In primis, le aziende statunitense impegnate nell’estrazione dello “shale oil” non potranno calare la produzione in quanto altamente indebitate, anzi approfitteranno del rialzo delle quotazioni per pompare maggiore petrolio e tentare di rimborsare gli elevati debiti che affliggono il sistema. Oltre cento aziende estrattive americane sono già fallite dall’inizio del calo del greggio dall’estate del 2014 e si stima che il settore si trovi solo a metà della completa carneficina. Non c’è infatti alcun prezzo obiettivo che possa salvare la stragrande maggioranza di queste società che hanno utilizzato così massicciamente la leva finanziaria.

Questo è uno dei principali motivi per il quale si parla più di un congelamento che di un vero e proprio taglio della produzione.

 

Cosa dobbiamo aspettarci

Anche all’interno dell’OPEC le posizioni non sono del tutto condivise. Paesi come Libia, Nigeria ed Iran non diminuiranno la produzione, in quanto necessitano di massimizzare le loro entrate sia per ragioni politiche che fiscali. Il Paese più disponibile ad un maggior sacrificio sembra proprio l’Arabia Saudita, costretta ad un ragionevole compromesso dal boomerang della crisi economica interna, da lei stessa indotta facendo calare drasticamente il prezzo del greggio.

Inoltre, la storia del cartello dimostra che gli accordi sulle quote produttive raramente vengono rispettati.

Al di fuori dell’OPEC, la Russia è sembrata, almeno inizialmente, più conciliante mentre la Cina potrebbe contribuire in modo significativo producendo solo quello che verrà consumato o stoccato e riducendo significativamente la quota di export.

 

COMMENTO

Il settore dell’energia continuerà a rimanere molto volatile, in virtù delle consistenti oscillazioni della materia prima. Il primo test sarà la barriera psicologica dei 50 dollari al barile per la quotazione del greggio americano, un livello di prezzo che non risolverà i problemi del settore ma potrebbe far entrare nuovi investitori almeno in un’ottica speculativa di breve periodo.

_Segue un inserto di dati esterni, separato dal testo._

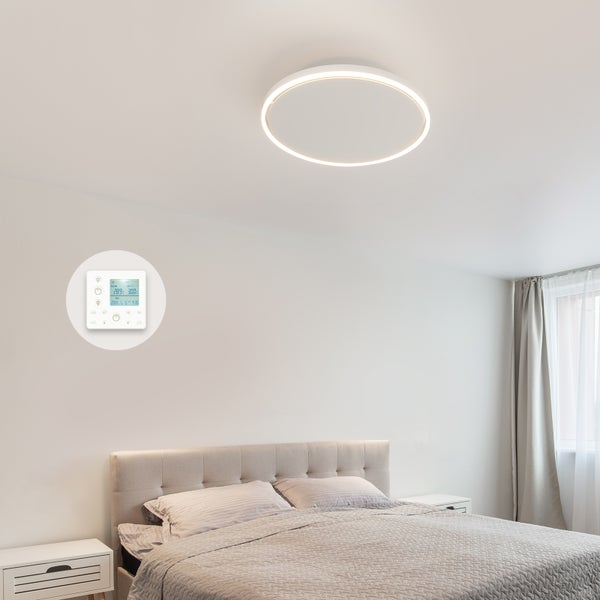 Schlafzimmer mit Deckenleuchte und Raumthermostat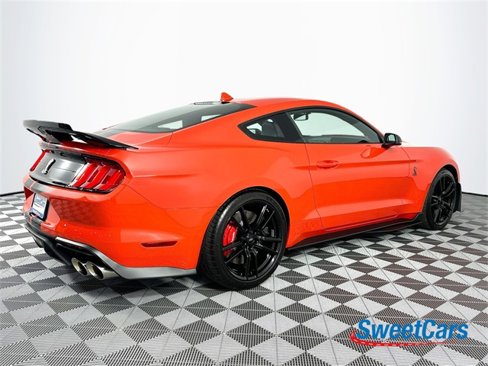 Used 2022 Ford Mustang Shelby GT500 w/ Technology Package image 7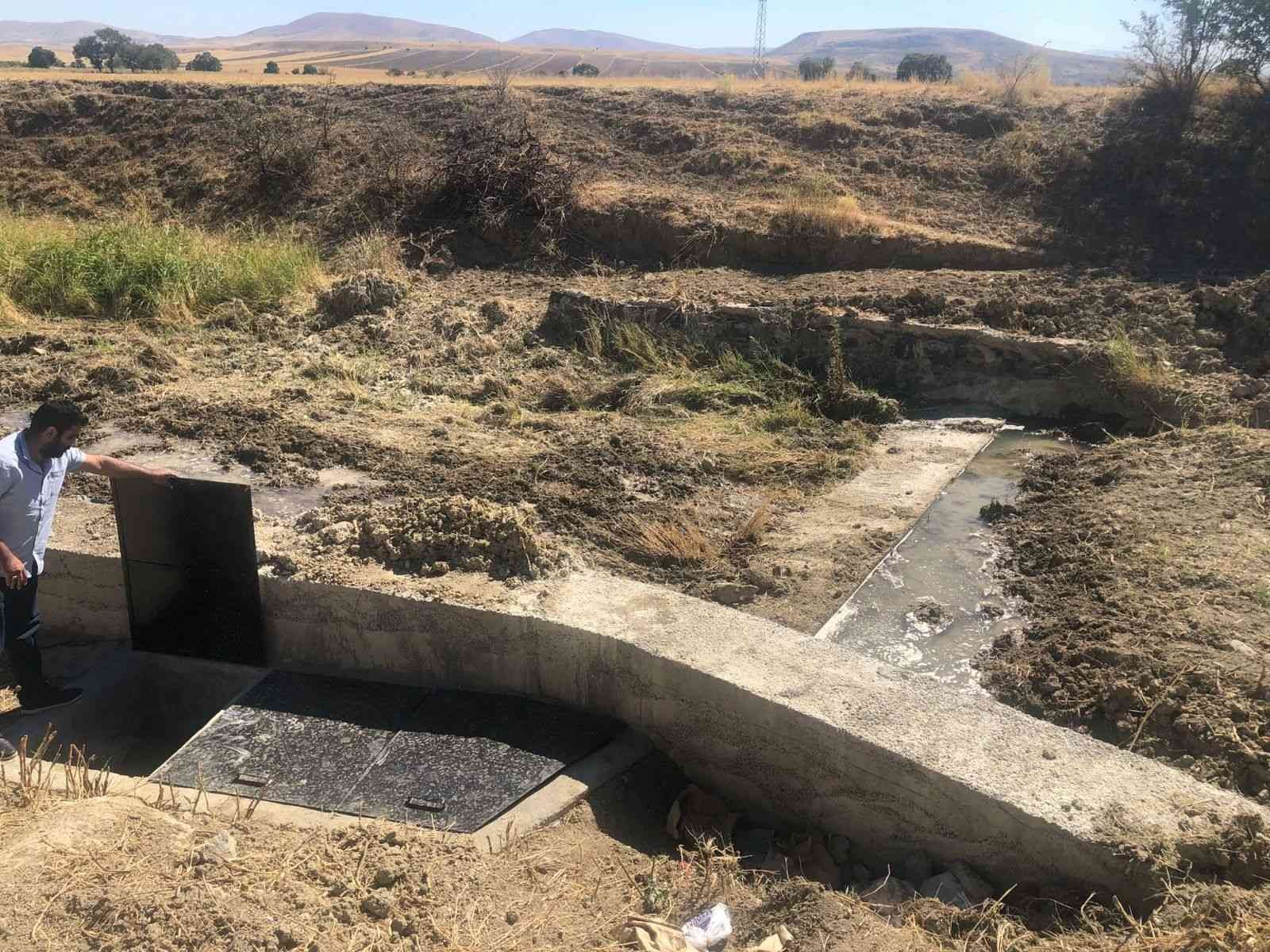 Elazığ’da 480 dönüm alan su ile buluştu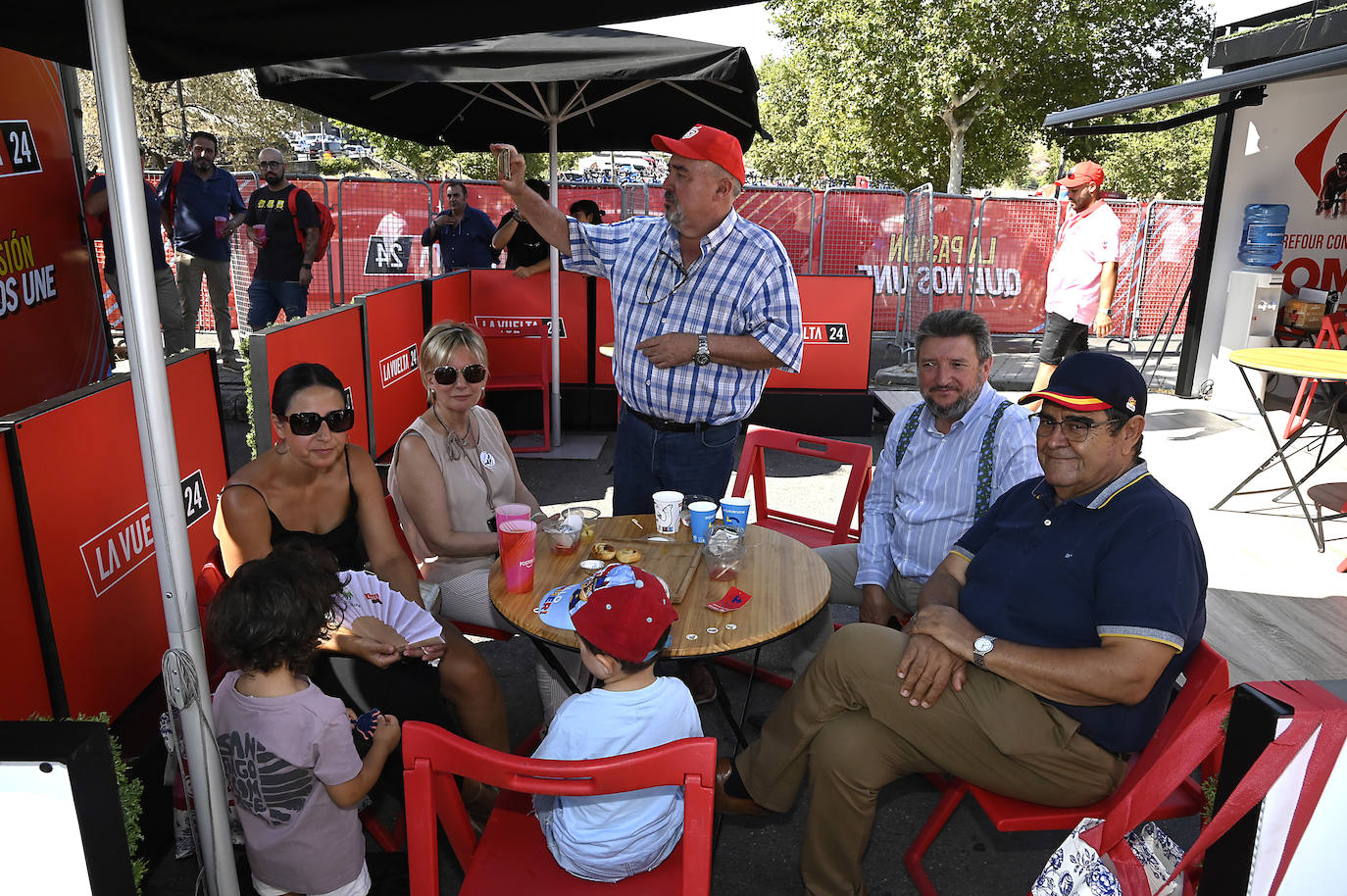 Así ha vivido Plasencia la salida de la 4ª etapa de la Vuelta Ciclista a España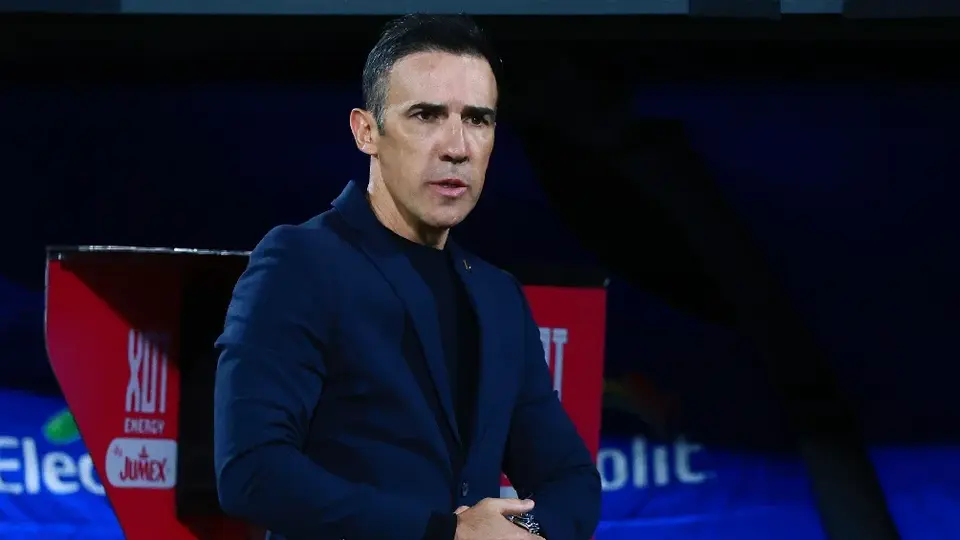 Vicente Sánchez, de ser ‘bomberazo’ a poder superar a Martín Anselmi en torneo debut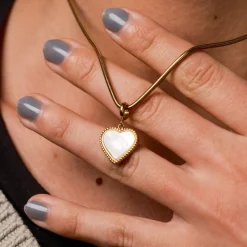 Amorance Necklace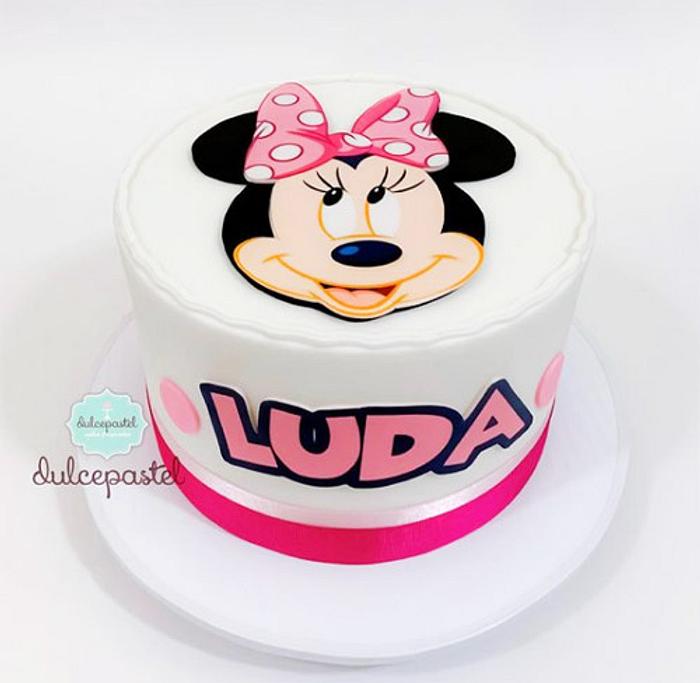 Torta Minnie Mouse en Envigado por Dulcepastel.com
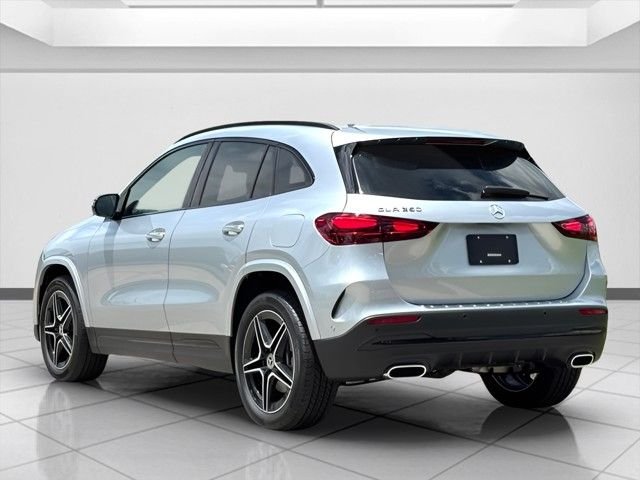 Used 2025 Silver Mercedes-Benz GLA 250 image 4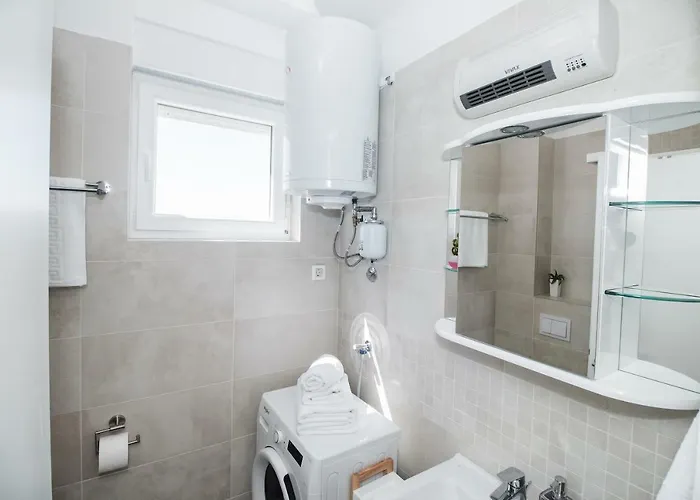 Hera With Balcony And Free Parking *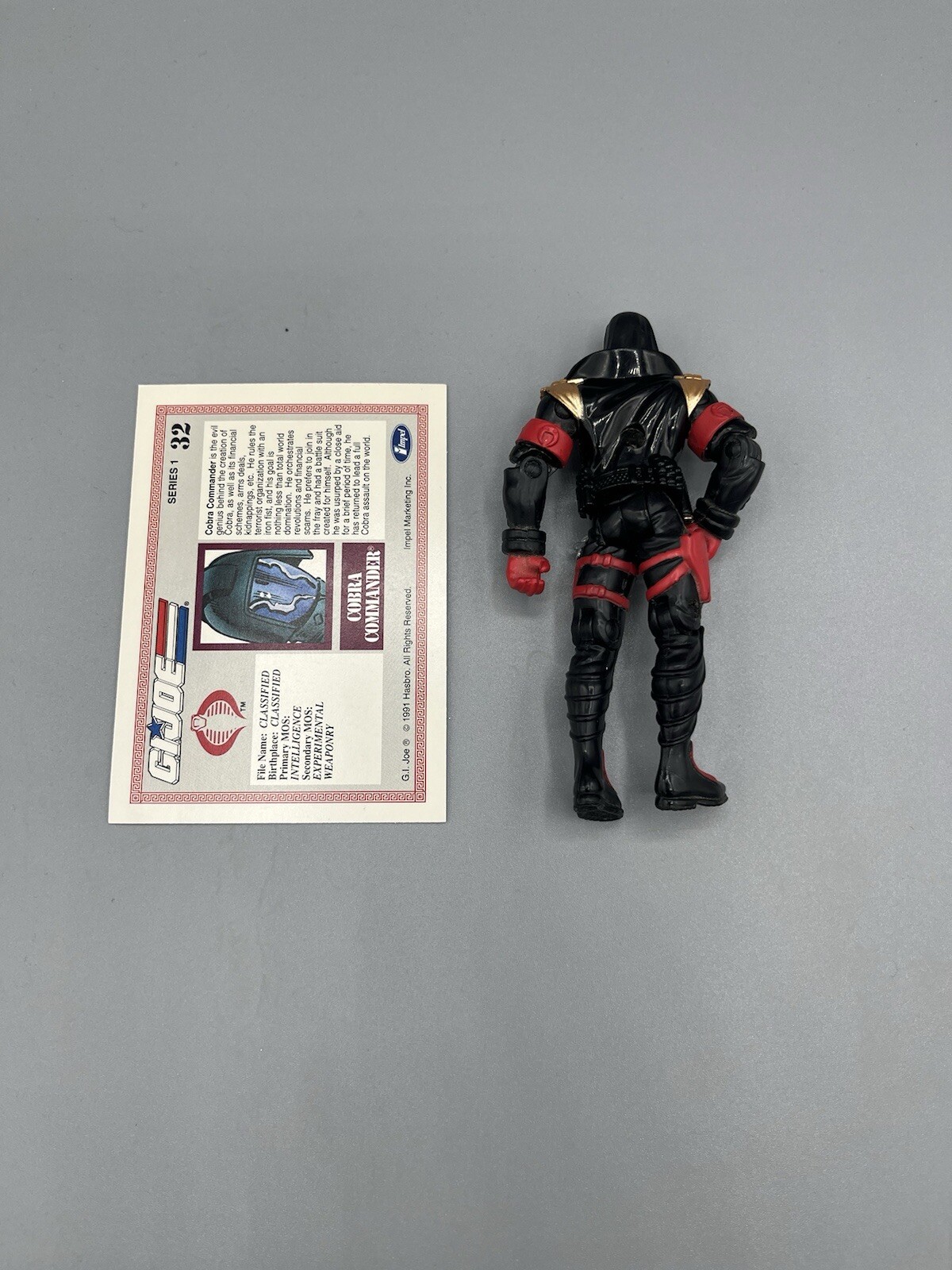 Hasbro 2001 Cobra Commander 3 3/4 » Excellent Condition figure And Trading Card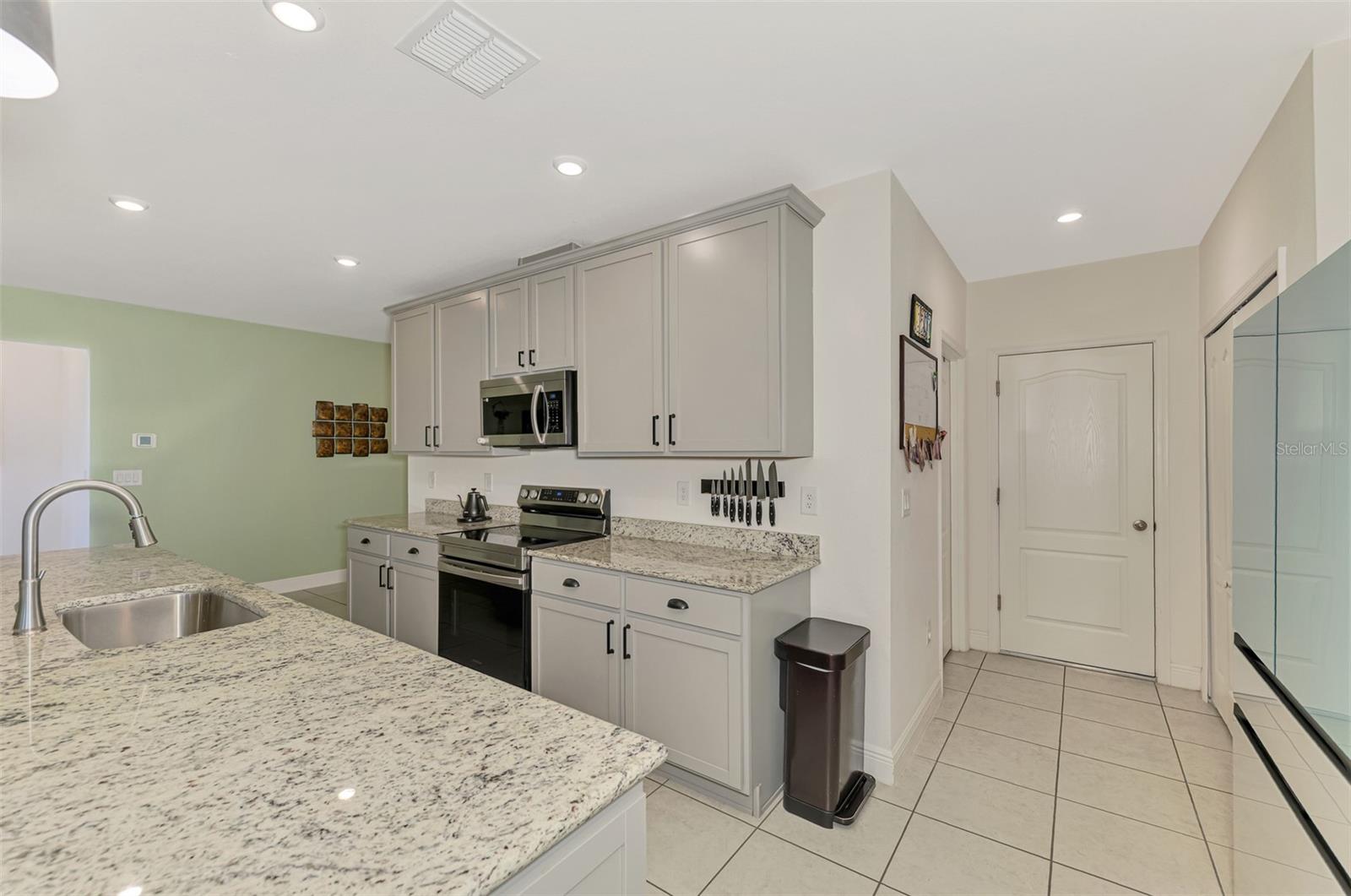 25889 Aysen Dr Property Photo 15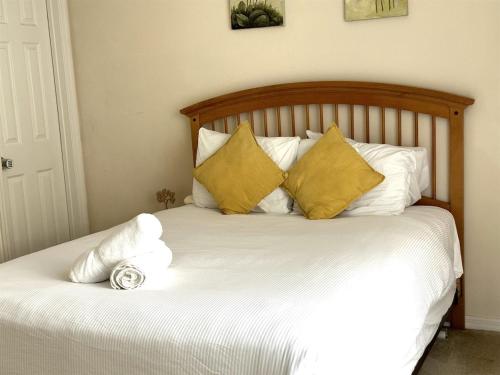 25% Off Sunset Themed Retreat photo 9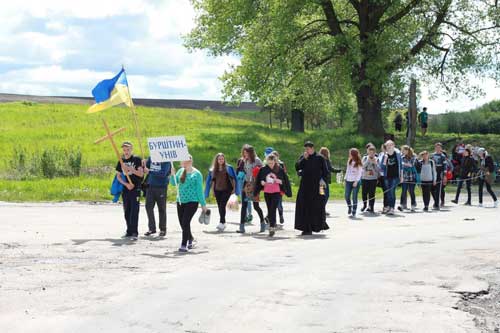 Молоді просвітяни пішки долали десятки кілометрів заради духовного відновлення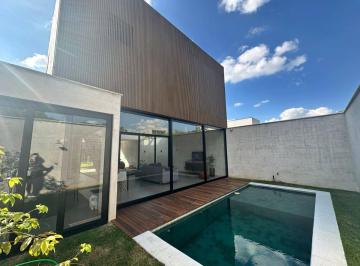 Casa · 300m² · 4 Quartos · 4 Vagas · Casa Exclusiva á venda no Residencial Giardino - Jundiaí SP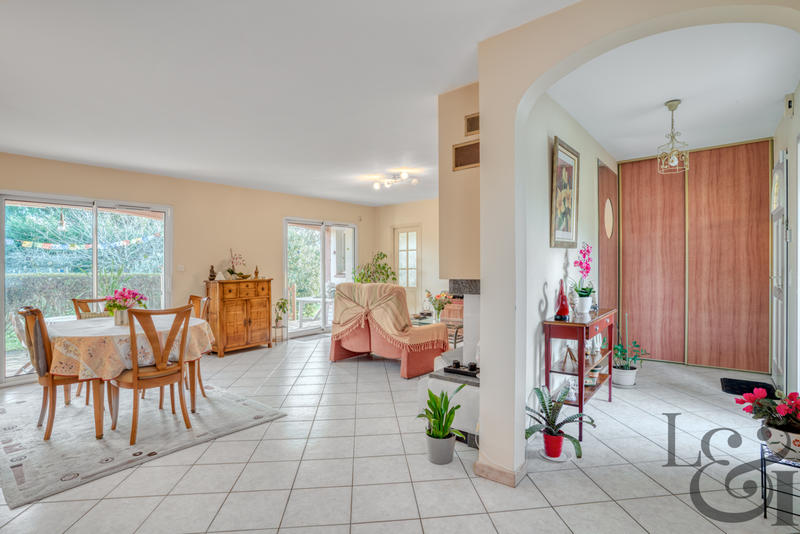 Maison - 160 m² - 6 pièces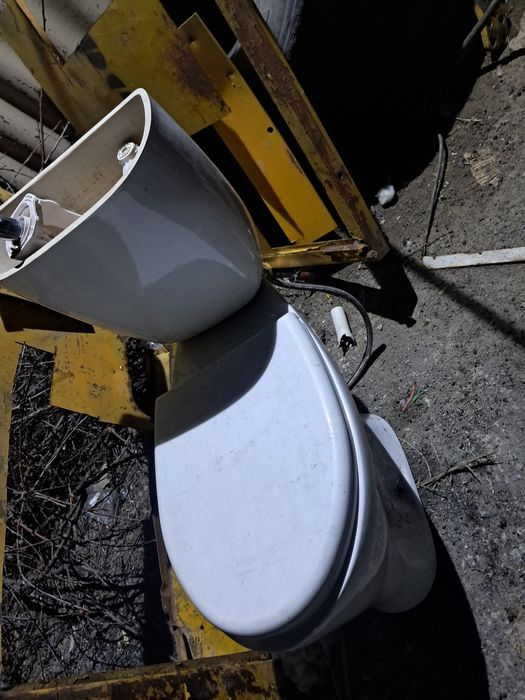 Продам унитаз...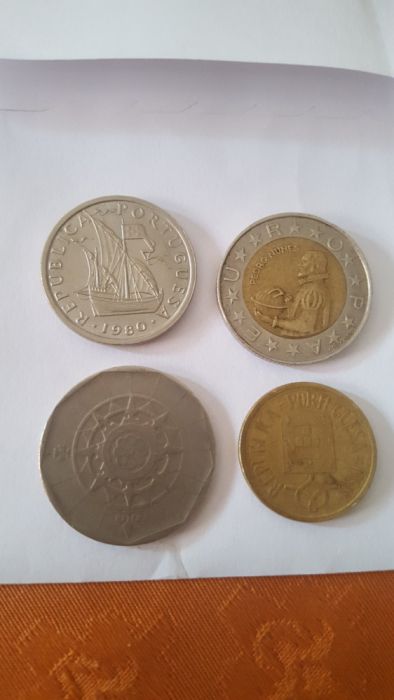 Vendo 4 Moedas portuguesas antigas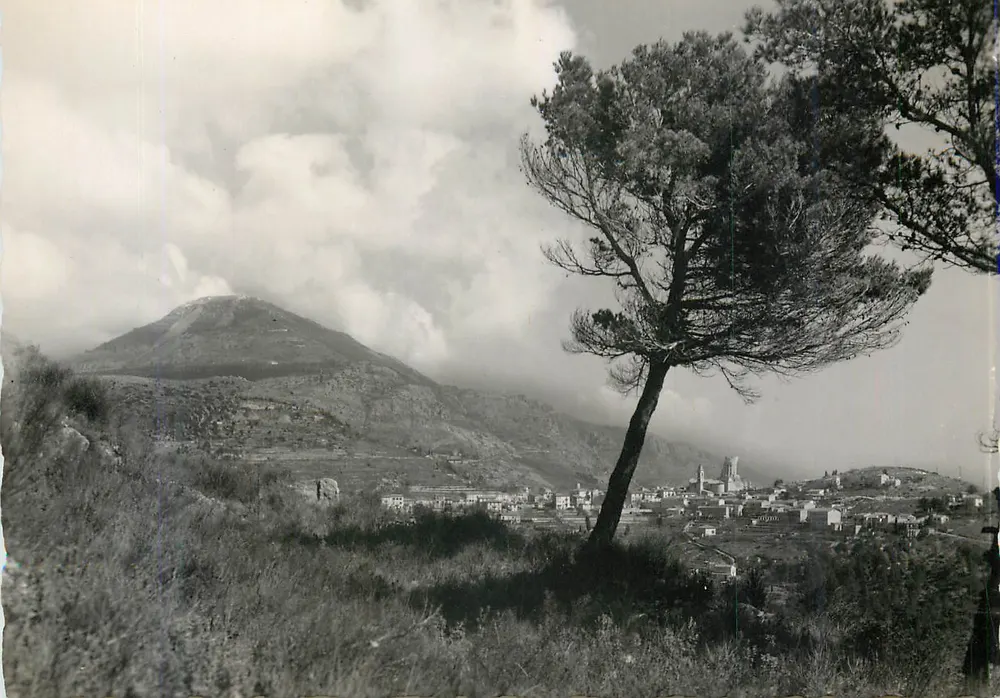 Vue de Monte Vulture — village en contrebas — éditeur inconnu - Recto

L’analisi fondamentale rimane, al contrario, più attendista e tende a considerare questo rimbalzo come effimero, in scia ad una domanda in crescita decrescente e ad un’offerta che è ancora eccessiva.

Il primo accordo in otto anni per stabilizzare per lo meno la produzione giornaliera di greggio è un buon viatico, ma potrebbe non bastare a sostenere a lungo le quotazioni.